Applications for unemployment benefits held steady at 254,000 in the first full week of July, the Department of Labor reported Thursday morning, the same extreme low reading as the week before.
Economists had expected a tick in jobless claims, which are seasonally adjusted, up to 265,000.
Instead, they remained at the lowest level since April.
After rising sharply in May, jobless claims are now hovering near 40-year lows, providing one of the strongest signals available that the jobs recovery is still intact and not in imminent danger of reversing.
Jobless claims are viewed as a proxy for layoffs, one that provides almost a real-time gauge of the health of the labor market because the numbers are released weekly. With few layoffs, not much job creation is needed to sustain health net job creation.
While job creation slowed throughout the spring and early summer and has fallen off the pace of recent years, the jobs report for June released Friday showed 287,000 new payroll jobs, more than enough to keep unemployment trending down over the long-term.
Economists calculate that jobless claims below the 300,000 mark translate to payroll job gains and falling unemployment.

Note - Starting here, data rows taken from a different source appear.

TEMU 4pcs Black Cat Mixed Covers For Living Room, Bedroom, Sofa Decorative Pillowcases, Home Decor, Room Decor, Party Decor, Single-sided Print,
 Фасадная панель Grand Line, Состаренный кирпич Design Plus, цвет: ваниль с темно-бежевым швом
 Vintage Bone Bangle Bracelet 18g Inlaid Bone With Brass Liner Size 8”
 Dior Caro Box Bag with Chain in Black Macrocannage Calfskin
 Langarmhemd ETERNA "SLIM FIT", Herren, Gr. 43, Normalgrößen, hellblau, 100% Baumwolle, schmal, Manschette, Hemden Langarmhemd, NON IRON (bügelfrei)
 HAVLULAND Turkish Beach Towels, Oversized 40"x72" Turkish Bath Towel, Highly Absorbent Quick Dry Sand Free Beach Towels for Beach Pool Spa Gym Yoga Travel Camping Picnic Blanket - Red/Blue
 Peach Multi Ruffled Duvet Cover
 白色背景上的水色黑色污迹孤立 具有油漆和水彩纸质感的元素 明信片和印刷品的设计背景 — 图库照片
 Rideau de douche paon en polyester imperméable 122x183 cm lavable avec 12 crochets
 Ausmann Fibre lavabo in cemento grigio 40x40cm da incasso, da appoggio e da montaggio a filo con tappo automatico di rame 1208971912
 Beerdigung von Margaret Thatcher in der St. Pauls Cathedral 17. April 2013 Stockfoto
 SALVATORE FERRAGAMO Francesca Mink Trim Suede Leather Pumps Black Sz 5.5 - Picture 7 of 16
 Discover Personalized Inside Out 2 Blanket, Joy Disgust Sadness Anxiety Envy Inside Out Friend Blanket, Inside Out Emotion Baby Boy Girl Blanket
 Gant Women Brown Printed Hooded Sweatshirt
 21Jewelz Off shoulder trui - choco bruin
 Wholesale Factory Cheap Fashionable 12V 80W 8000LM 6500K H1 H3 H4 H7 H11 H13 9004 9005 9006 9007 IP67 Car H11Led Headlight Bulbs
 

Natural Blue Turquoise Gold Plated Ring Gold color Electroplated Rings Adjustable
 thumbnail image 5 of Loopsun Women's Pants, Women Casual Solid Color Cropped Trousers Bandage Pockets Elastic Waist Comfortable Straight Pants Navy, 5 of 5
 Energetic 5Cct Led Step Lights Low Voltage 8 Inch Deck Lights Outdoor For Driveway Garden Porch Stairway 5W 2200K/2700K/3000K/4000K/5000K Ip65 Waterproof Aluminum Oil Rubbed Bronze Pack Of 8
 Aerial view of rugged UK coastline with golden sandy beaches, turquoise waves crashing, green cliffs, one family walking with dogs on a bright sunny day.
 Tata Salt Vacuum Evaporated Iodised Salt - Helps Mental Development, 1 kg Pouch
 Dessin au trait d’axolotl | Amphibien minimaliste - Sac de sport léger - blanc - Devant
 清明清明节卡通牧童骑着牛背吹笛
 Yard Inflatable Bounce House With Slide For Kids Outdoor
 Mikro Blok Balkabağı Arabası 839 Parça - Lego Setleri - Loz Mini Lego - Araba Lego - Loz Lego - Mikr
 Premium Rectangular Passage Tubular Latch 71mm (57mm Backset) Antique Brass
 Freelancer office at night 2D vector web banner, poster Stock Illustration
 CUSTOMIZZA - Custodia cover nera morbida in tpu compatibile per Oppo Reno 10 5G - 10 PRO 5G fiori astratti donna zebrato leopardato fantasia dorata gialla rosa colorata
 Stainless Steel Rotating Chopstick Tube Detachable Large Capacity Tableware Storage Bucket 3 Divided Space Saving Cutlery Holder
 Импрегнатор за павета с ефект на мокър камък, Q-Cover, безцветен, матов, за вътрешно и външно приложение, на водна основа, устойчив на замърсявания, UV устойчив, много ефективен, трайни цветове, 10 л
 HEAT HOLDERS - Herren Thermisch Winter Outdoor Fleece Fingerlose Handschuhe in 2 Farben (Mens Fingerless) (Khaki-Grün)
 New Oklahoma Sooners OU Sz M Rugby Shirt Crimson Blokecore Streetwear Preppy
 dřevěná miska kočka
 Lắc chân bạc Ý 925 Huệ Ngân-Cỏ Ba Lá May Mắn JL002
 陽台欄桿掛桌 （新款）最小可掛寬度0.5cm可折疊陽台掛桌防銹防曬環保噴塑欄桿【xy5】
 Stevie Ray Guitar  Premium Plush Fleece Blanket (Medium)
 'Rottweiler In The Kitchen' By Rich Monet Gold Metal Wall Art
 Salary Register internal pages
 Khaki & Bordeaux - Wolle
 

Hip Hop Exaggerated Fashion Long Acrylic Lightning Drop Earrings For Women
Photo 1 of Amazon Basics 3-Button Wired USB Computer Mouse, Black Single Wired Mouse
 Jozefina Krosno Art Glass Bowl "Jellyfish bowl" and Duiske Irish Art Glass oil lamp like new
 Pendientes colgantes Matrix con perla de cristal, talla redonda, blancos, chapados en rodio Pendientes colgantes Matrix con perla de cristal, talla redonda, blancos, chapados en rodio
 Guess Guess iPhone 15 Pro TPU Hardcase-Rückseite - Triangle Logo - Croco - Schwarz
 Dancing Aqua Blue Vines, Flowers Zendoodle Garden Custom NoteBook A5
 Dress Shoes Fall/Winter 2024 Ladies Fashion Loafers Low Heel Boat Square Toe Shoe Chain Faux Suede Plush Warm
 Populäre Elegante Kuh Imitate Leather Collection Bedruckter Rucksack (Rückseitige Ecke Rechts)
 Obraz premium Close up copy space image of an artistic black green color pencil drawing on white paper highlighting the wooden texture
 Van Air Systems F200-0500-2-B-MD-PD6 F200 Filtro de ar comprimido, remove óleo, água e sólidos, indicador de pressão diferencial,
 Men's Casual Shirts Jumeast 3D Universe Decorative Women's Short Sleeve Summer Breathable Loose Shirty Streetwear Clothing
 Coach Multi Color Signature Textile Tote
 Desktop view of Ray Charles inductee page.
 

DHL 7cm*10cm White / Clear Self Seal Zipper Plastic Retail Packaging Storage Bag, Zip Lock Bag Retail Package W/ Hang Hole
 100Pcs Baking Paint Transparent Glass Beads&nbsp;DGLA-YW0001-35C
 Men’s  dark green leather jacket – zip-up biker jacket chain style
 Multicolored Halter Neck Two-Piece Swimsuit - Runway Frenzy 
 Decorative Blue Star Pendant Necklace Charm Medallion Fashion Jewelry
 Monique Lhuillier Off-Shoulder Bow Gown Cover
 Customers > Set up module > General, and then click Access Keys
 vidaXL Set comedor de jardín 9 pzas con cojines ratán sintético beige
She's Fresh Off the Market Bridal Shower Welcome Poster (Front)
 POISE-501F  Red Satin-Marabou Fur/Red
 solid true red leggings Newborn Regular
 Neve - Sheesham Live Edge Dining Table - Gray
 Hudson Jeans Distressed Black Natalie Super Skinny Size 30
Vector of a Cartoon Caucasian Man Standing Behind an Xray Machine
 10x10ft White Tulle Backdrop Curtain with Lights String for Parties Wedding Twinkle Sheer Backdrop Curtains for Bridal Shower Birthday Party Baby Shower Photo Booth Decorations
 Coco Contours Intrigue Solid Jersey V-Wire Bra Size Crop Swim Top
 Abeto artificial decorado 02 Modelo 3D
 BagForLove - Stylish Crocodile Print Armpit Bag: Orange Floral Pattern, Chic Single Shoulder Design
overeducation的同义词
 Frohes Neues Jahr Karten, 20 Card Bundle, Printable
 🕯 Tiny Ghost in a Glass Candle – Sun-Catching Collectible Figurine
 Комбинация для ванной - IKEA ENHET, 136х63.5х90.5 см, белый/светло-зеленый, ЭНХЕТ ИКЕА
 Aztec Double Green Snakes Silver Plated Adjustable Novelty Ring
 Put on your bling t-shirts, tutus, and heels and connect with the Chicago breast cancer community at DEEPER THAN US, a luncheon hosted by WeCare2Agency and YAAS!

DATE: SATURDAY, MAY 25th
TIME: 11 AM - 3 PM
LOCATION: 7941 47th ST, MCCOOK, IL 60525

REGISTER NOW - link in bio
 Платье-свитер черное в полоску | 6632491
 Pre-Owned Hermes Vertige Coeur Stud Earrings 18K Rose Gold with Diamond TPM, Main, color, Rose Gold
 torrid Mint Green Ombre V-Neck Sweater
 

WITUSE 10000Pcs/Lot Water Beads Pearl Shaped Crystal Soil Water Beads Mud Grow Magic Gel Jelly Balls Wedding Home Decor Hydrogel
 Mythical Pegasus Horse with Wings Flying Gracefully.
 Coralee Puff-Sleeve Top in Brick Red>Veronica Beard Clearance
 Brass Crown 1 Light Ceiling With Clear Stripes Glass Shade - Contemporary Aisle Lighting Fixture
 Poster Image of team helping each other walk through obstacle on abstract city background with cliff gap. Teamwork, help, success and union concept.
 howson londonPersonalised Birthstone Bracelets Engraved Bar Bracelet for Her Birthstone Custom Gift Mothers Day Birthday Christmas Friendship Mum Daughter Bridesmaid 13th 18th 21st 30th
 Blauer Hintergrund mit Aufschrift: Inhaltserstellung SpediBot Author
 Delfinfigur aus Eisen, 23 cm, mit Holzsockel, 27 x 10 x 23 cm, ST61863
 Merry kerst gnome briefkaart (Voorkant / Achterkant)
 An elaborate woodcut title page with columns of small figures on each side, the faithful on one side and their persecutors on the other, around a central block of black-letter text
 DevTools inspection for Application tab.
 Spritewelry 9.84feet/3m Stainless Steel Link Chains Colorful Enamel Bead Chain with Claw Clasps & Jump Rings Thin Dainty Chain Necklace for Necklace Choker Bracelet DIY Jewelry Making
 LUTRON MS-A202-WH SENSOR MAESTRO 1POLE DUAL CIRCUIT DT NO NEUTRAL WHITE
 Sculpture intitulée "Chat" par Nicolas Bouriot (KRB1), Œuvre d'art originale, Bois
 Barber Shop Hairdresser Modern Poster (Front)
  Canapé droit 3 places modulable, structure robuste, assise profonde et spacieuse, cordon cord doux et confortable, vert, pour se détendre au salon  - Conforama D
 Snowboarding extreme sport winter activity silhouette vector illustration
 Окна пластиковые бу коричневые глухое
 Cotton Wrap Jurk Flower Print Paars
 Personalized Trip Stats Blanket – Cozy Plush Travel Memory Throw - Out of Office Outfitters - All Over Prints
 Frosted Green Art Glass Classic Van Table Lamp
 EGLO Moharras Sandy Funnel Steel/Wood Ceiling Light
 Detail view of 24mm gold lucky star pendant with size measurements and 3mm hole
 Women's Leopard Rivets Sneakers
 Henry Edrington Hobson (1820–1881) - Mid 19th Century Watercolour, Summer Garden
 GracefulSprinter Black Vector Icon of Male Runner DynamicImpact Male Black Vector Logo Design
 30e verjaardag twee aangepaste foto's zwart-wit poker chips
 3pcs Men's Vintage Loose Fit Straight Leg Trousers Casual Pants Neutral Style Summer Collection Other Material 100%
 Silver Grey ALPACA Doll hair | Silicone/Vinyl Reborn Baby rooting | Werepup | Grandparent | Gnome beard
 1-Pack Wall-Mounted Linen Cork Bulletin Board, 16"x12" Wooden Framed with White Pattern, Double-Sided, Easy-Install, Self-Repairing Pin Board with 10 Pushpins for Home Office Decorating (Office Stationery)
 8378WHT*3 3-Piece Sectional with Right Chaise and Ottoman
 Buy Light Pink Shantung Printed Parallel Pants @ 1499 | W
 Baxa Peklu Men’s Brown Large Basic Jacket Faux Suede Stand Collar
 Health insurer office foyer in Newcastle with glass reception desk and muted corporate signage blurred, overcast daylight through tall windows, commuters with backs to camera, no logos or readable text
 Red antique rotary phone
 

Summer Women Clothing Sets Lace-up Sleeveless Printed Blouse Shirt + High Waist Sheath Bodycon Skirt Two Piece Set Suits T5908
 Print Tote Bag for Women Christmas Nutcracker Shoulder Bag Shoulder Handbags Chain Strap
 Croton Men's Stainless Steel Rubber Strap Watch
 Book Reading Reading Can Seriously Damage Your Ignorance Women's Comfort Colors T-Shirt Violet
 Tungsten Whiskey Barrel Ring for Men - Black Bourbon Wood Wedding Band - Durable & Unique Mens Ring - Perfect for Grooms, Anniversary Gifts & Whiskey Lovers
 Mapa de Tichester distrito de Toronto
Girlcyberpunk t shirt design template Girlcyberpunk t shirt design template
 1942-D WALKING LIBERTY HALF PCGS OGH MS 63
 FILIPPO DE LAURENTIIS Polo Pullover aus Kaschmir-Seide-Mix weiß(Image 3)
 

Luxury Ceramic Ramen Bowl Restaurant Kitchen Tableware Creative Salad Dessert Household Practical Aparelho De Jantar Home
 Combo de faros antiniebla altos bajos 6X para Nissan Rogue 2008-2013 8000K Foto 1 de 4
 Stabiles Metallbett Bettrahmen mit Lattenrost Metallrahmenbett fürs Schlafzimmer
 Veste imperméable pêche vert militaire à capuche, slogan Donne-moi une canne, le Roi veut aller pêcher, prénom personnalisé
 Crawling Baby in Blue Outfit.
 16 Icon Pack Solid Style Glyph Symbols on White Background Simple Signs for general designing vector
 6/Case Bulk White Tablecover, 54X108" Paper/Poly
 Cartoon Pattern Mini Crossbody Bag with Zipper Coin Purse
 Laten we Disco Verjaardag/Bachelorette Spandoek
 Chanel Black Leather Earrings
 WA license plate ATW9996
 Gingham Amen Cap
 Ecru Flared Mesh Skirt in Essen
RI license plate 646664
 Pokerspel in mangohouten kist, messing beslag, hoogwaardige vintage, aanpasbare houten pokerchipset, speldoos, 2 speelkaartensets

Claims haven’t hit that level in 71 weeks, the longest such streak since 1973.
The hot jobless claims numbers will give Federal Reserve policymakers one reason to favor tightening monetary policy in upcoming months, as it signals that the economy is growing and heading toward full capacity, rather than slipping toward recession and needing easier money.
“This is just what an economy at full employment looks like,” Bank of Tokyo-Mitsubishi UFJ economist Chris Rupkey wrote in reaction to Thursday’s numbers, suggesting that they could lead the Fed to consider raising interest rates as early as September.